Stephanos Papadopoulos – BIO
Stephanos Papadopoulos was born in North Carolina in 1976 and raised in Paris and Athens. He is the author of three books of poems : Lost Days, Hôtel-Dieu, and The Black Sea, as well as the editor and co-translator (with Katerina Anghelaki-Rooke) of Derek Walcott’s Selected Poems into Greek (Kastaniotis Editions, 2006). He was awarded a Civitella Ranieri Fellowship for The Black Sea and in 2014 he was awarded the Jeannette Haien Ballard Writer’s Prize selected by Mark Strand.

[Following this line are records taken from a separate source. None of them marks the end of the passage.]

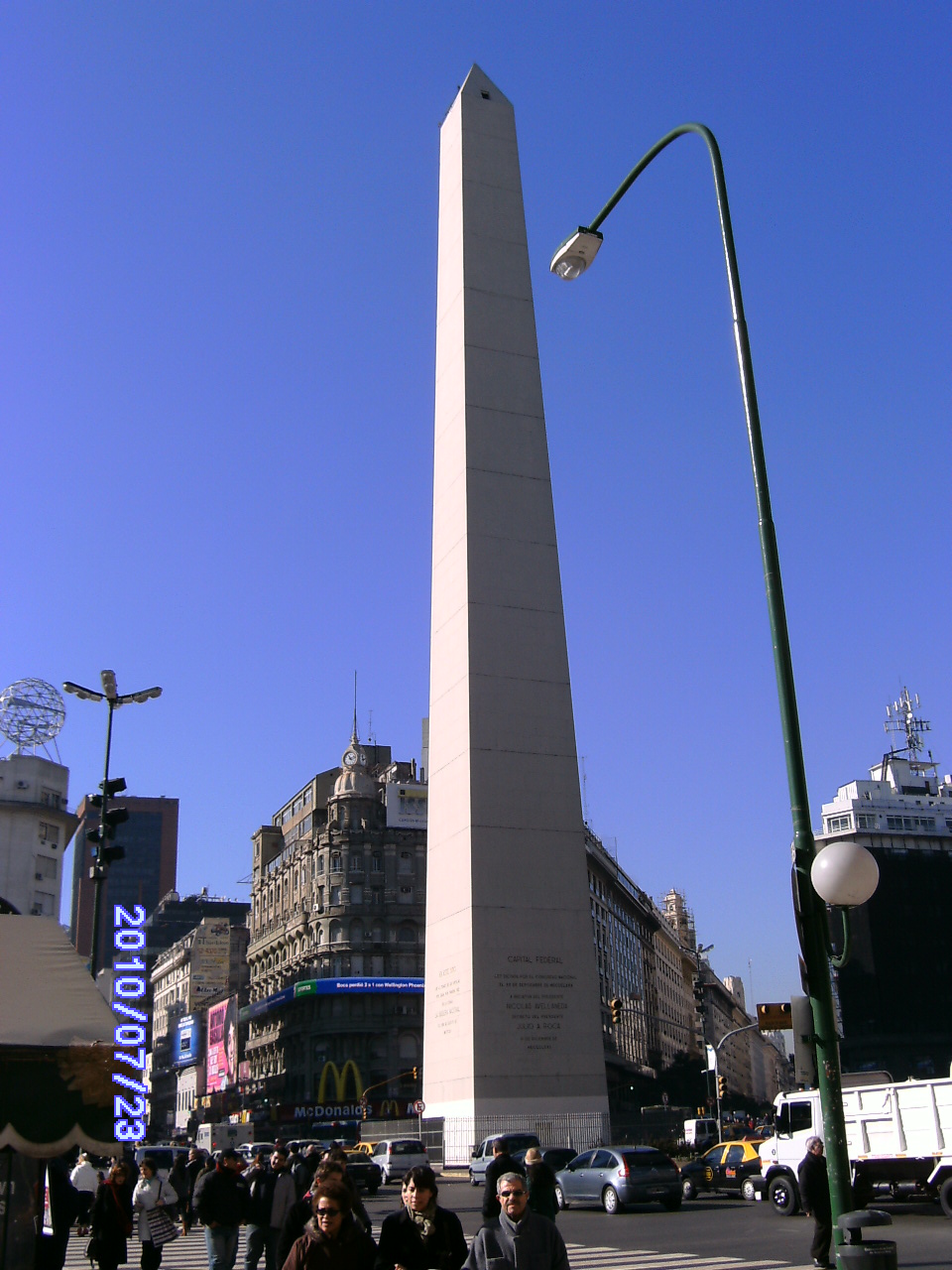 Viagem de carro de São Paulo a Buenos Aires é opção para turistas  aventureiros - 21/07/2011 - UOL Nossa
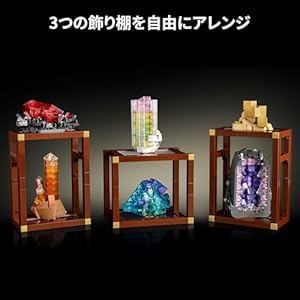 Amazon.co.jp - レゴ® アイデア 鉱石コレクション 21362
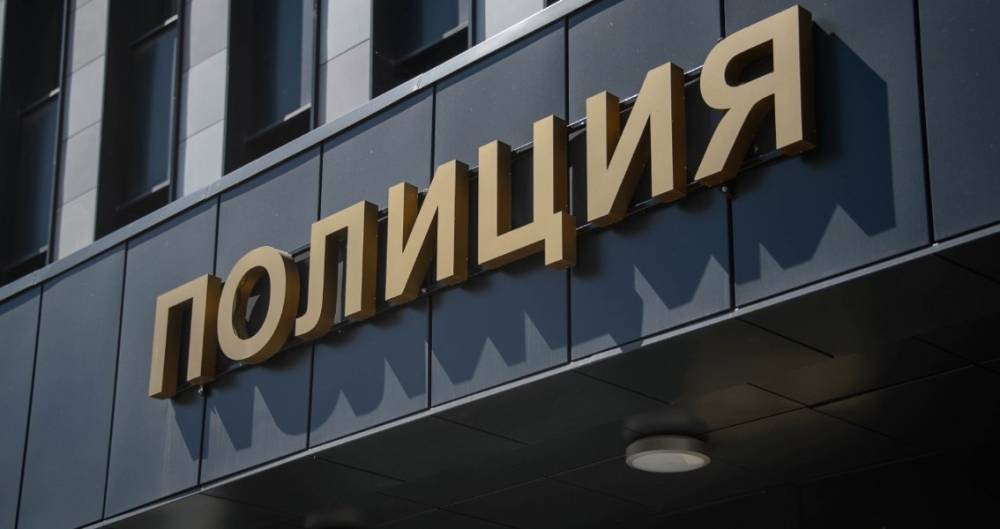 В столице пресекли незаконную регистрацию нелегалов - m24.ru - Москва - Россия - Узбекистан - Московская обл. - Таджикистан
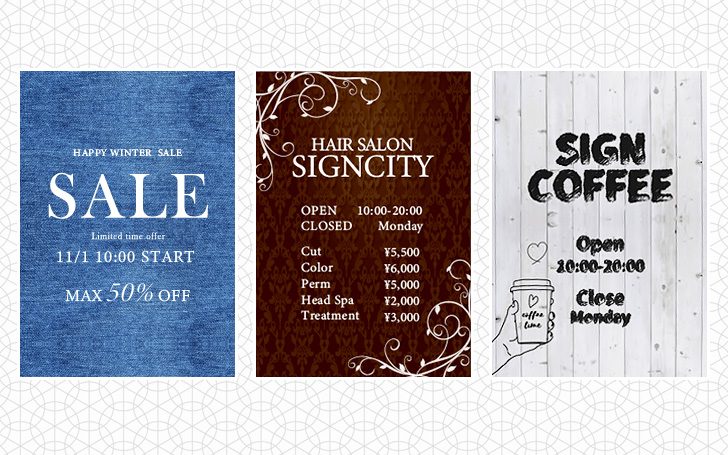 おしゃれな看板の実例集おしゃれな什器の企画・製造・販売 SHOP COPACK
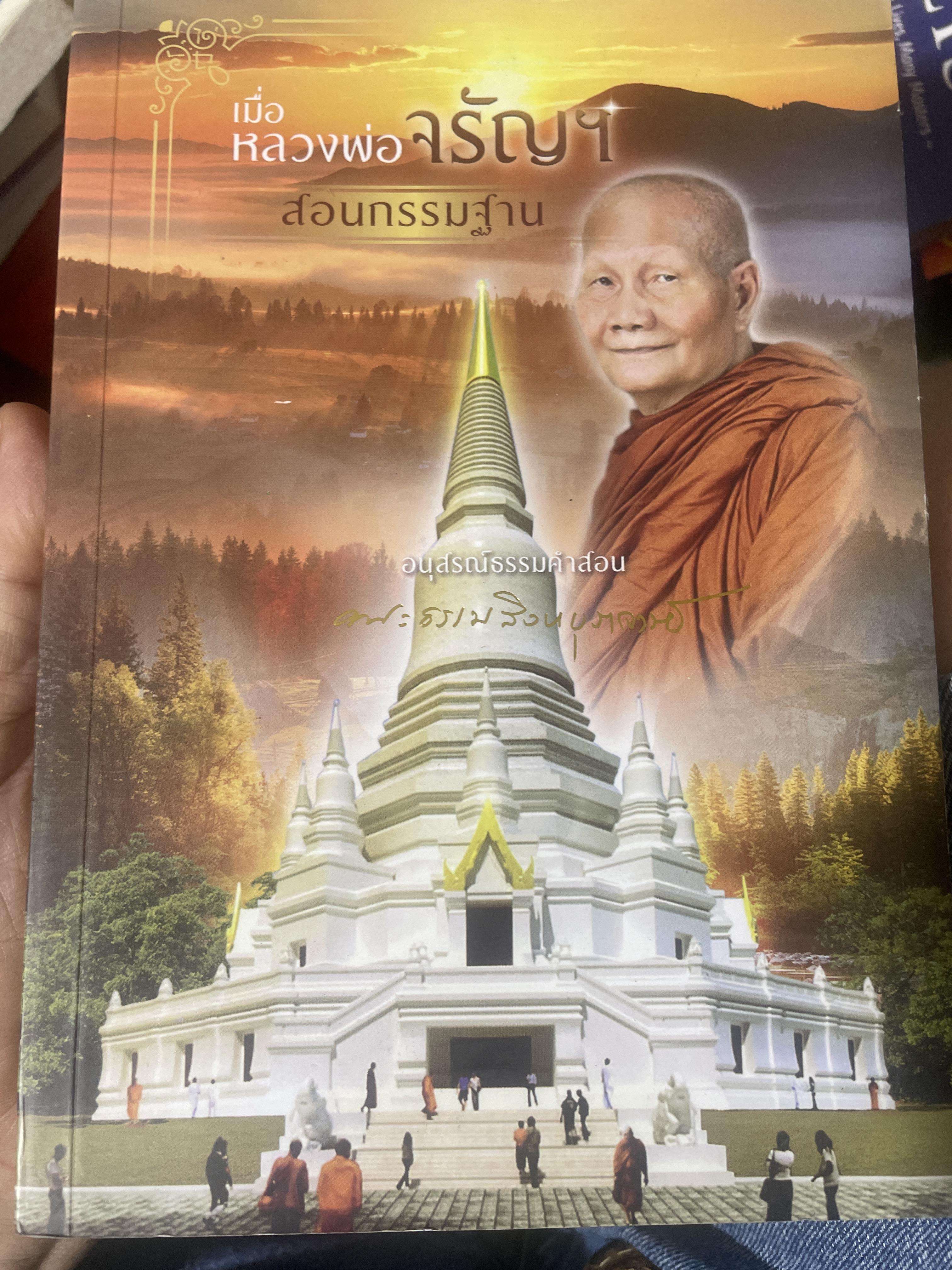 เมื่อหลวงพ่อจรัญฯ สอนกรรมฐาน. เป็นหนังสืออนุสรณ์ธรรมคำสอน เนื่องในงานพระราชทานเพลิงศพ 3,500 กรัม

He attended the University of North Carolina at Chapel Hill, and spent a year at the University of Edinburgh, Scotland before graduating with a BA in Classical Archaeology from UNC. In 1998 he was invited to the Rat Island Foundation’s inaugural event in St. Lucia by Derek Walcott, beginning a long association with the poet.
His poems and translations have appeared in journals such as The New Republic, The Yale Review, Poetry Review, Stand Magazine and he writes regularly for the Los Angeles Review of Books. He has translated works of Greek poets, Katerina Anghelaki-Rooke, Yiannis Ritsos and Kostas Karyotakis among others. His own work had been translated into Greek by Katerina Anghelaki–Rooke, Italian by Matteo Campagnoli and Spanish by Rodrigo Rojas.
He has lectured and read at festivals around the world such as the Crossing Borders Festival in Holland, the Fundacion Neruda, Chile, Oxford University, University of Heidelberg, The University of Athens, The Signum Foundation, Venice, the Babel Festival at Bellinzona, and The North Carolina Literary festival among many others.
His most recent collection, The Black Sea, is a long poem-cycle about the Black Sea Greeks and their exodus from thatregion.The Black Sea explores the historic “great catastrophe” of the Pontic Greeks of Asia Minor in the 1920s through a series of “sonnet-monologues” or voices from the past. Priests, prostitutes, soldiers, and a bizarre cast of characters move through this poetic re-imagining of a tragic chapter in Greece’s history.